Motion to change children’s domicile; MCL 722.31(4); Rains v Rains; Statutory best-interest factors (MCL 722.23)
Concluding the trial court did not err in “finding that the balance of the MCL 722.23 best-interest factors favored” plaintiff-mother and her proposed change of domicile, the court affirmed the order granting her motion to change the children’s domicile. As there was no argument raised as to the trial court’s findings that plaintiff satisfied the first three steps of the Rains process, the court addressed the fourth step, whether the MCL 722.23 factors supported that the change in domicile would be in the children’s best interests. It concluded that the trial court’s findings on those “factors were not against the great weight of the evidence.” Factor (a) was found to favor plaintiff because defendant-father, “on at least a few occasions, appeared to unnecessarily delay seeking help for the children in school or health matters because doing so might give him the upper hand in his relationship with plaintiff. This undermined his parenting abilities. Factor (b) also favored plaintiff because there was testimony that defendant had consumed alcohol on more than one recent occasion despite his history of multiple legal issues that were alcohol-related.” The trial court found this “may have an adverse effect on his future parenting abilities.” It determined that “factor (g) favored plaintiff because defendant seemingly did not accept [her] relationship with her new husband, which may suggest a mental-health issue that requires counseling. On the other hand, factor (h) slightly favored defendant because” the county where the parties had been living prior to plaintiff’s move to Wisconsin had been the children’s “‘community of record[.]’” Factor (j) favored plaintiff because “the record did not indicate that defendant was willing to co-parent with [her]. Rather, he engaged in certain hostile and difficult behaviors that made [her] attempt to parent their children unnecessarily difficult. Factor (k) slightly favored plaintiff because there was some evidence of domestic violence by defendant years ago[.]” Factors (c), (d), (e), and (f) favored neither party, the trial court did not expressly state whether factor (l) favored either party, the court treated factor (i) as neutral. It found that all the trial court’s findings “were supported by the record” and that “its overall decision to grant plaintiff’s motion to change domicile” was not an abuse of discretion.

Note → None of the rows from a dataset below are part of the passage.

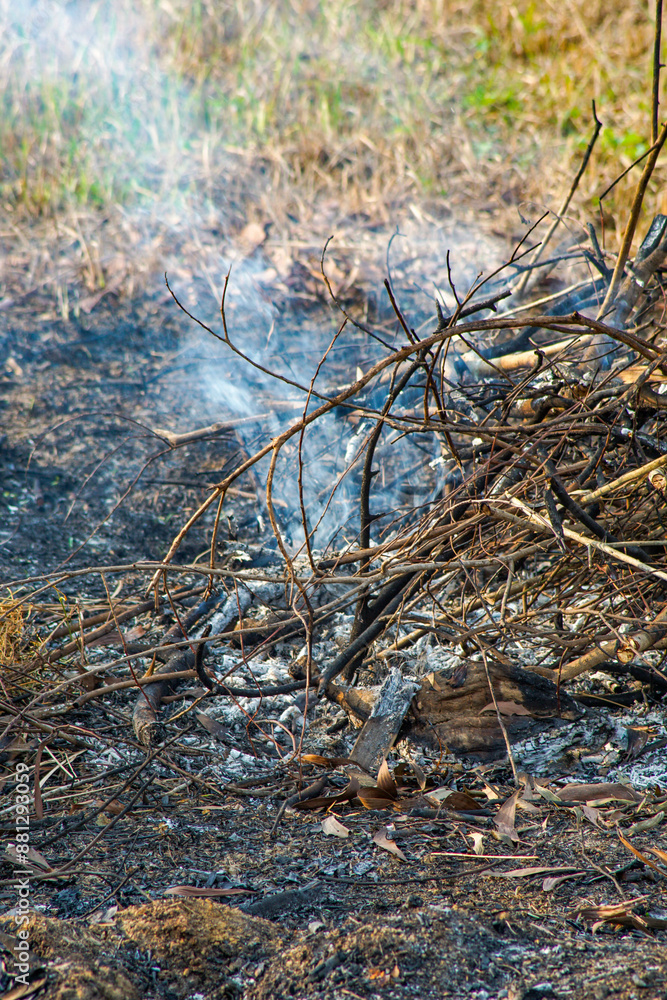 the remains of burnt branches on the edge of the forest the remains of burnt branches on the edge of the forest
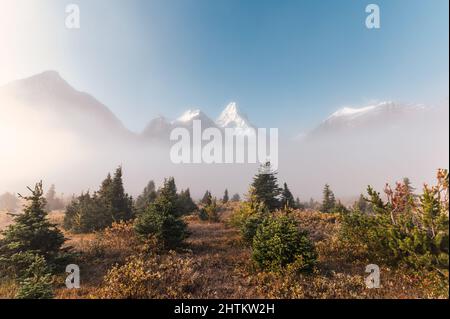 Monte Assiniboine con foresta autunnale in nebbia al mattino. Assiniboine Provincial Park, BC, Canada Foto Stock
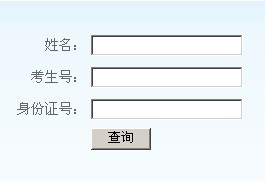 中央民族大学2010年艺术类高考录取查询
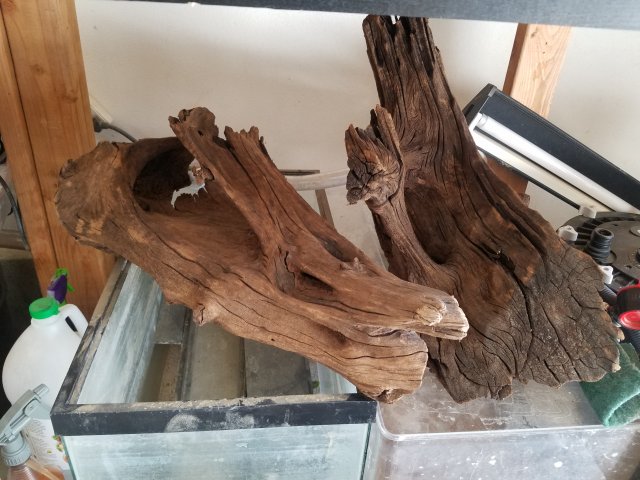 20180926_134945.jpg 20180926_134945.jpg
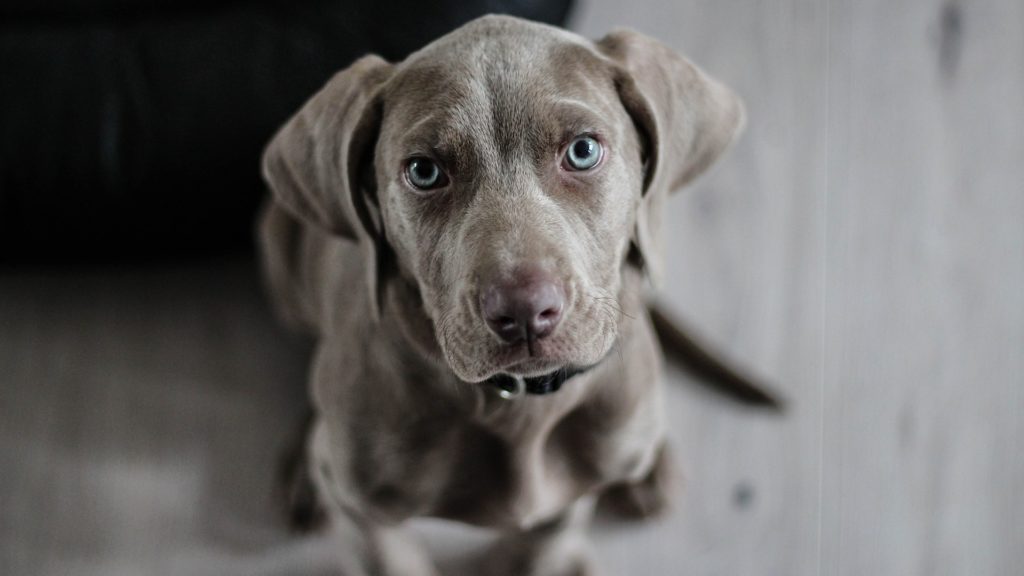 espérance de vie d'un chien combien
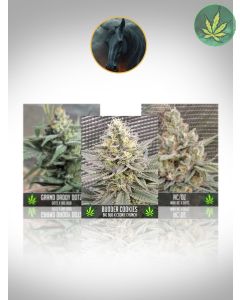 Nighthorse Select Bundle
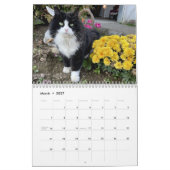 Heartsong Equestrian Wall Calendar 2023 Kalender (Mar 2027)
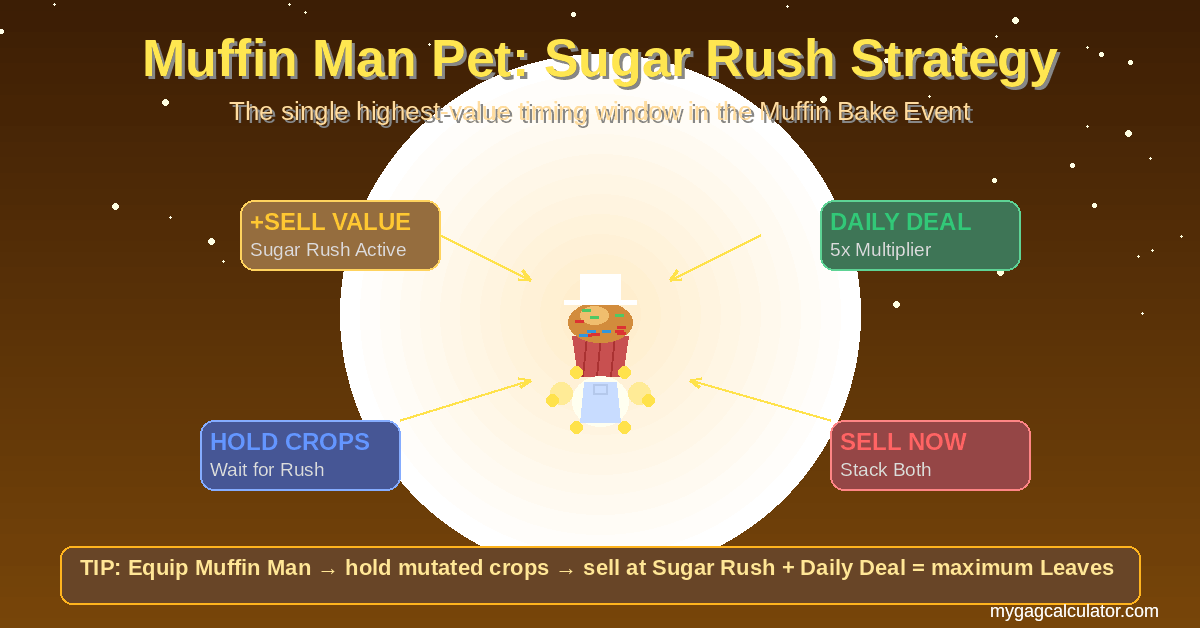 GAG2 Muffin Man pet Sugar Rush strategy guide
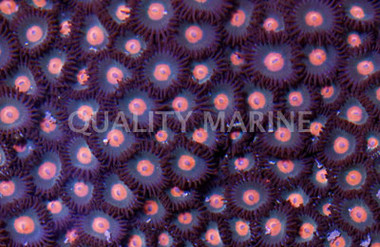 Orange Spot Colony Polyp :: 55527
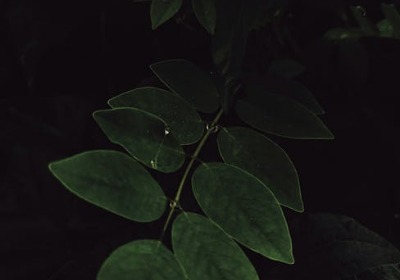 告别传统制版：数码打印塑料包装在小批量定制中的色彩还原与结构算力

Divorce; Reimbursement order for the amount a party paid to clear a lien on the marital home; Reliance on appeal on an attorney’s statements at a hearing; Abandoned claim
Concluding that defendant-ex-husband failed to show that the trial court erred in ordering him to reimburse plaintiff-ex-wife for the amount she paid to clear a lien on the marital home, the court affirmed. The parties agreed to a consent judgment of divorce, under which plaintiff “took sole possession of their marital home and agreed to remove” defendant’s name from the mortgage. When she “went to refinance the mortgage, she discovered defendant’s former attorney placed an attorney’s charging lien on the home a few months before the entry of the” divorce judgment for defendant’s outstanding legal bills. She “paid the lien so she could obtain clear title and refinance the mortgage as required by the” judgment, and then obtained the order at issue on appeal. Defendant asserted that the order violated the Bankruptcy Code’s automatic stay provision “and was otherwise erroneous because he did not have interest in the home at the time” she paid the lien. He relied “solely on his counsel’s statements made at the hearing on” plaintiff’s motion. “‘But it is well settled that an attorney’s statements and arguments are not evidence.’” And the court was not obligated “to comb the lower court file searching for facts supporting an appellant’s argument on appeal.” In addition, defendant’s appellate brief did “not sufficiently present authority demonstrating his entitlement to relief, further representing an abandonment of his claim on appeal.”
Uninsured (UM)/Underinsured (UIM) benefits; Summary disposition standard; MCR 2.116(C)(10); Kandil-Elsayed v F & E Oil, Inc; Burden shifting; MCR 2.116(G)(4); McCoig Materials, LLC v Galui Constr, Inc; Credibility determinations; White v Taylor Distrib Co, Inc
The court held that the trial court erred by granting partial summary disposition to defendant insurer on plaintiff’s UM/UIM claims because the record, viewed in the light most favorable to plaintiff, created a genuine issue of material fact whether the vehicle owner was insured at the time of the accident. Plaintiff was injured in a crash when defendant-driver, operating defendant-owner’s vehicle, struck plaintiff’s car, and a passenger was ejected and died. The trial court granted partial summary disposition to the insurer “solely on the basis of deposition testimony” that the vehicle owner had insurance, then denied reconsideration. On appeal, the court held that plaintiff rebutted the motion because numerous “facts in the record contradicted” the insurer’s assertion the owner was insured at the time of the accident, including a carrier discovery report showing the purported policy was “cancelled,” documentation showing a prior policy “expired,” and insurer letters stating the owner had no policy with them on the relevant date. The court also noted evidence supporting disbelief of the owner’s account, including that he “could not provide the name of his insurance agency,” had “no income to pay for such insurance,” and “no insurance was produced at the accident scene,” which “raises a credibility issue that a jury must decide.” The court rejected the insurer’s framing that plaintiff had to definitively prove lack of insurance, explaining plaintiff only had to raise a fact question, and concluded there was a genuine issue of material fact as to whether the owner had insurance at the time of the accident. Reversed and remanded.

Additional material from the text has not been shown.